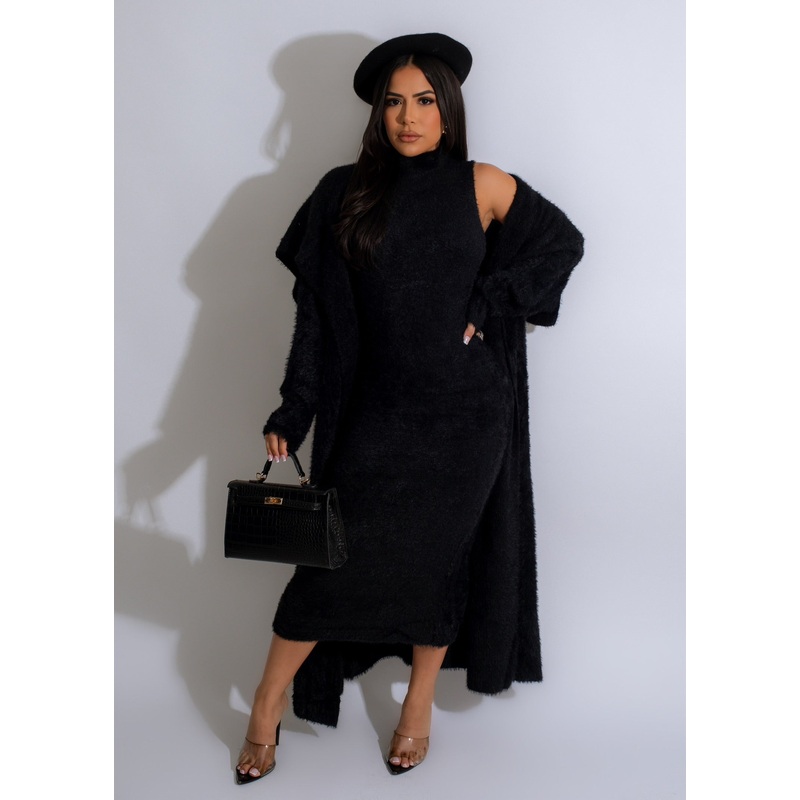 Comfy Teddy Bear Midi Dress Set Black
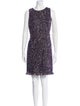 Per se Tweed Pattern Fringe Trim Accent Dress Set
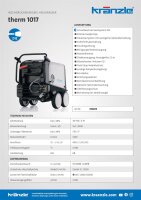 Kränzle therm 1017, 400V, 5.5 KW, max. 150bar, 16.7 l/min, 10m Schlauch, Stecksystem D12, Flachstrahldüse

TASK DETAILS:
Since the listing holds pictures, return everything else in it exactly and omit those.

RESPONSE TO THIS EXERCISE:
 Comfy Teddy Bear Midi Dress Set Black
 Per se Tweed Pattern Fringe Trim Accent Dress Set
 Kränzle therm 1017, 400V, 5.5 KW, max. 150bar, 16.7 l/min, 10m Schlauch, Stecksystem D12, Flachstrahldüse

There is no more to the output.